* TASK REQUIREMENTS
Print the whole listing again exactly, keeping no pictures in it.

* GIVEN MATERIAL
···

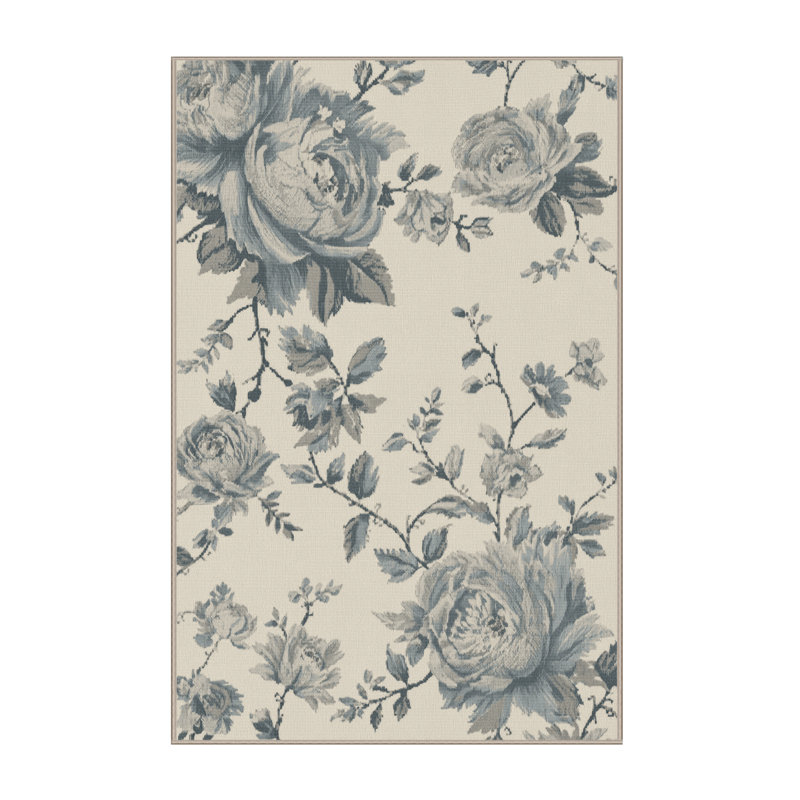 Machine Washable Osiyo Traditional Floral Rug in Beige – Beige Binding, 7x9
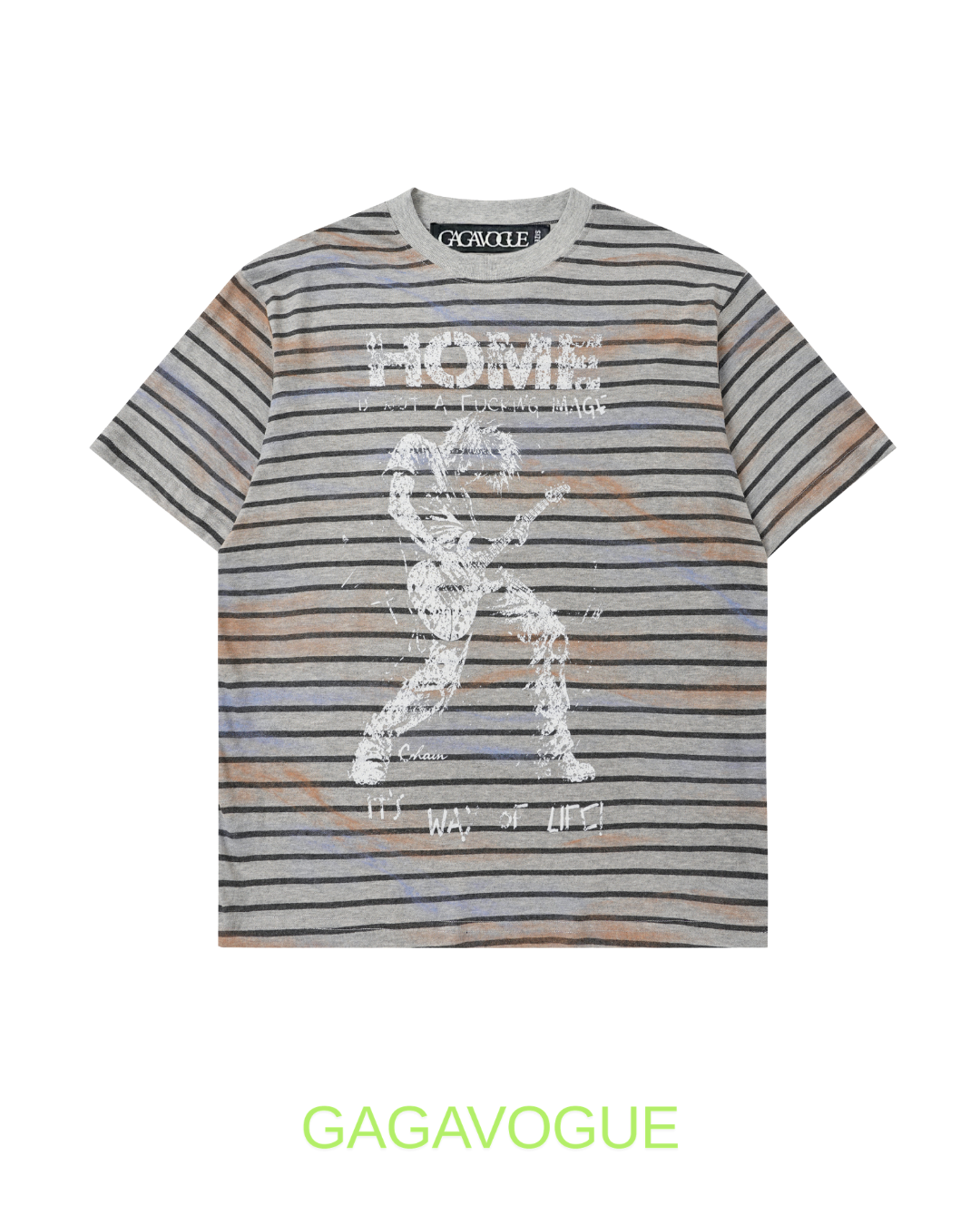 GAGAVOGUE HOME WAY OF LIFE STRIPED GRAPHIC OVERSIZED T-SHIRT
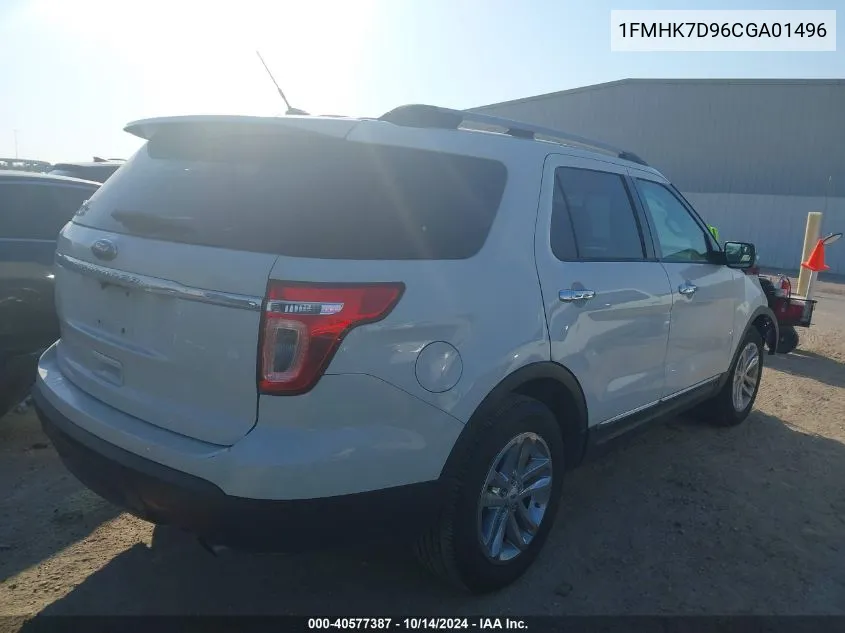 2012 Ford Explorer Xlt VIN: 1FMHK7D96CGA01496 Lot: 40577387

···

* SOLUTION TO THE EXERCISE
 Machine Washable Osiyo Traditional Floral Rug in Beige – Beige Binding, 7x9
 GAGAVOGUE HOME WAY OF LIFE STRIPED GRAPHIC OVERSIZED T-SHIRT
 2012 Ford Explorer Xlt VIN: 1FMHK7D96CGA01496 Lot: 40577387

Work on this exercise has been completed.